## Exercise data

BEGIN

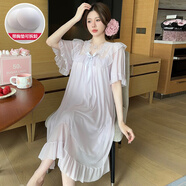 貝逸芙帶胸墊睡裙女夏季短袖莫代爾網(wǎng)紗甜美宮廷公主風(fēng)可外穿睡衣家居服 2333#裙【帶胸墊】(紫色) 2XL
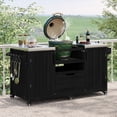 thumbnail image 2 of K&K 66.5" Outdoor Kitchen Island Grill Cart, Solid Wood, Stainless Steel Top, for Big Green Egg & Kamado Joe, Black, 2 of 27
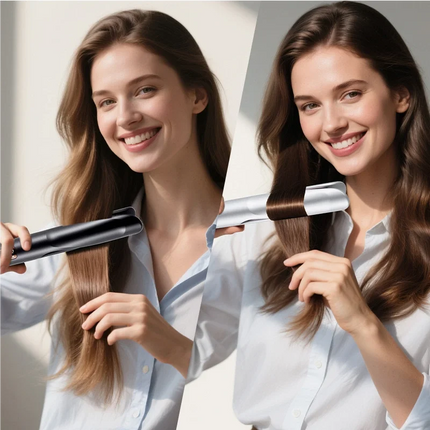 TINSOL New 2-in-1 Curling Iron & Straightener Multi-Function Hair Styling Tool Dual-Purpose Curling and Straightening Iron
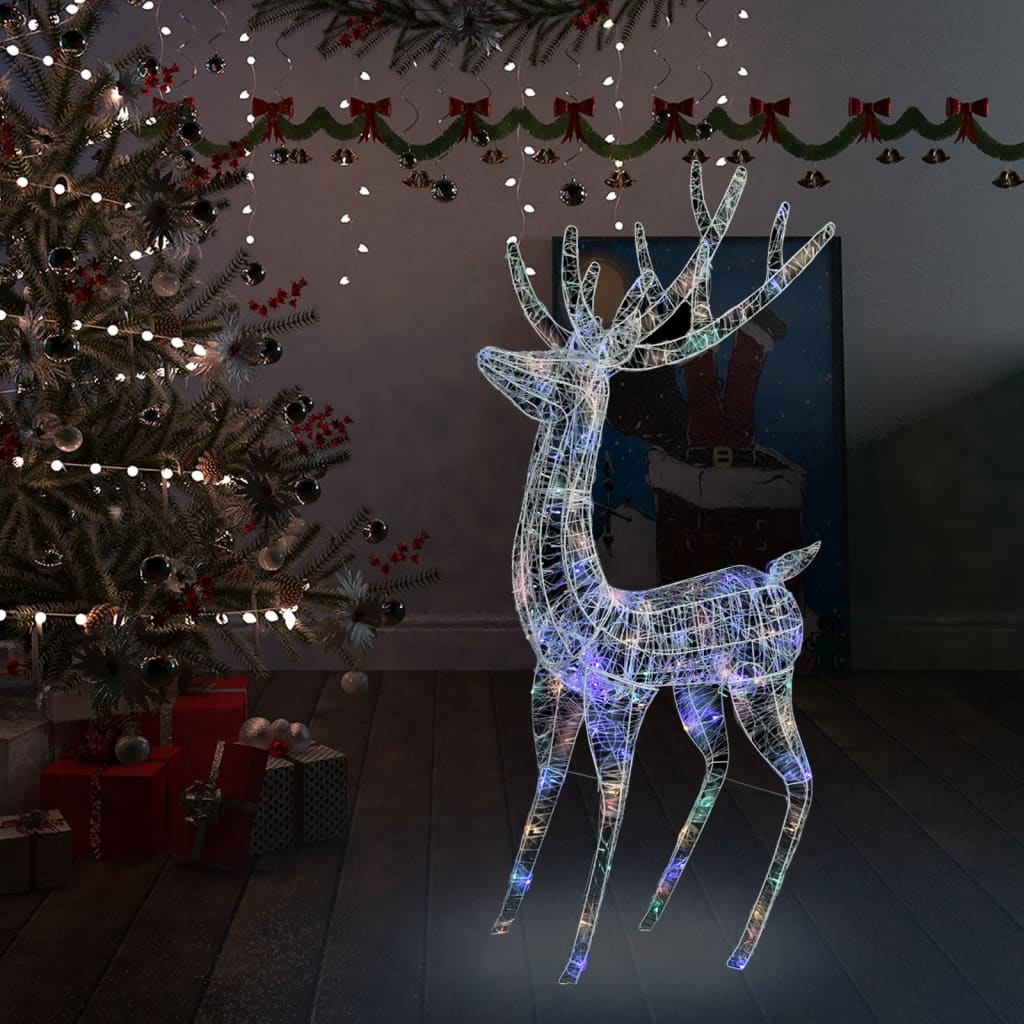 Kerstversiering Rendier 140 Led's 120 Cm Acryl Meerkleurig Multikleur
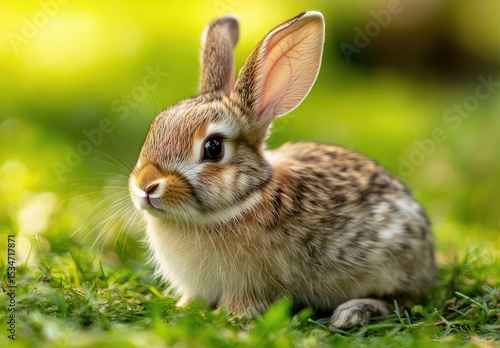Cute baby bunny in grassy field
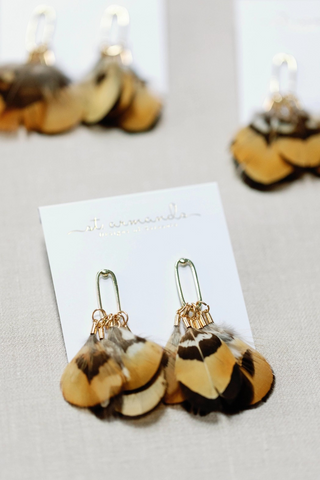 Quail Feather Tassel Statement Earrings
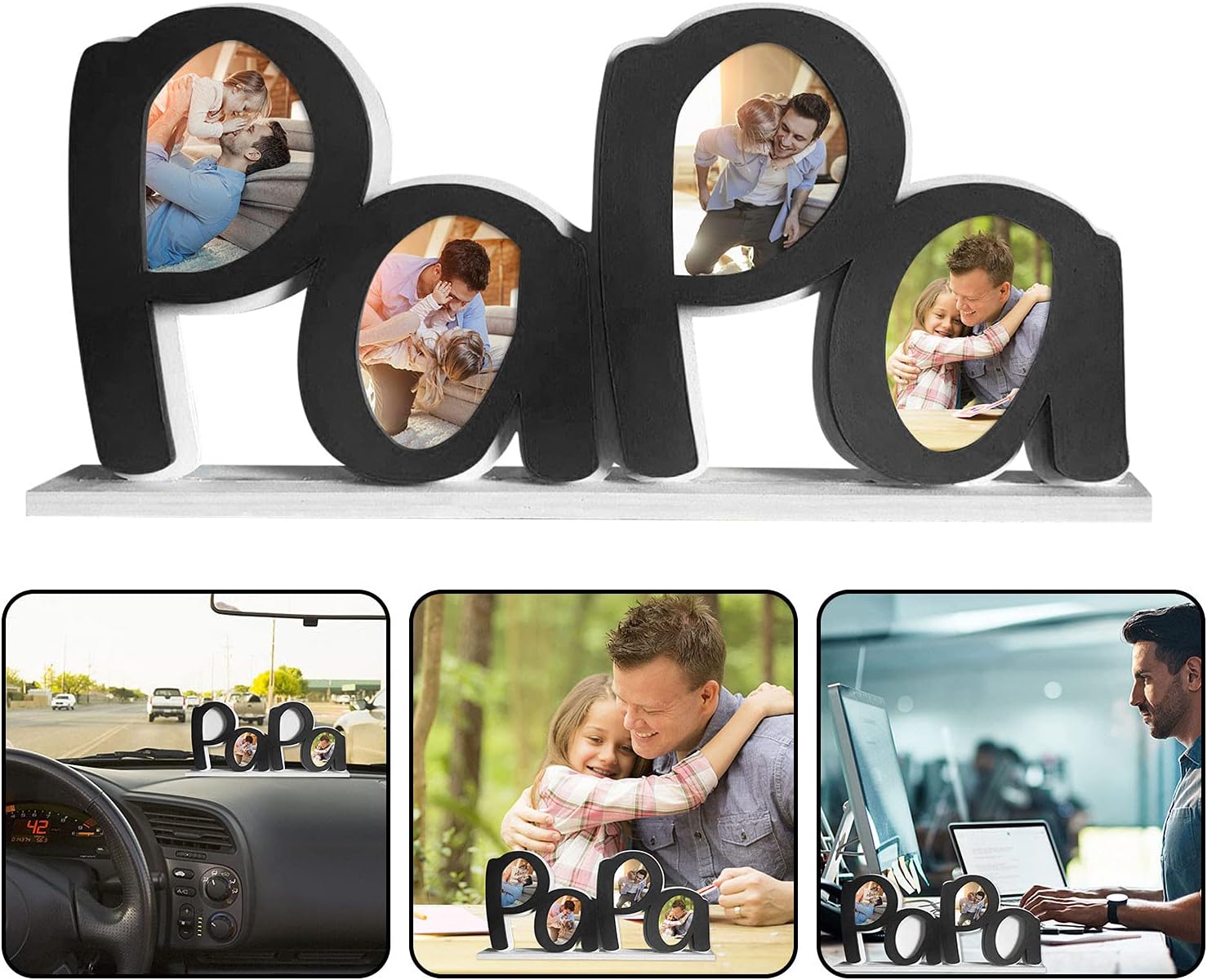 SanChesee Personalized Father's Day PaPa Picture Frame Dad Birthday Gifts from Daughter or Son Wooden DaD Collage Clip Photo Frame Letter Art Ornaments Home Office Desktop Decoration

END

## Exercise prompt
What you return should be the exact lines from the one containing "Cute baby bunny in grassy field" through the end of the listing above, both included, minus any pictures.

## Output for this task
Cute baby bunny in grassy field
 Quail Feather Tassel Statement Earrings
 SanChesee Personalized Father's Day PaPa Picture Frame Dad Birthday Gifts from Daughter or Son Wooden DaD Collage Clip Photo Frame Letter Art Ornaments Home Office Desktop Decoration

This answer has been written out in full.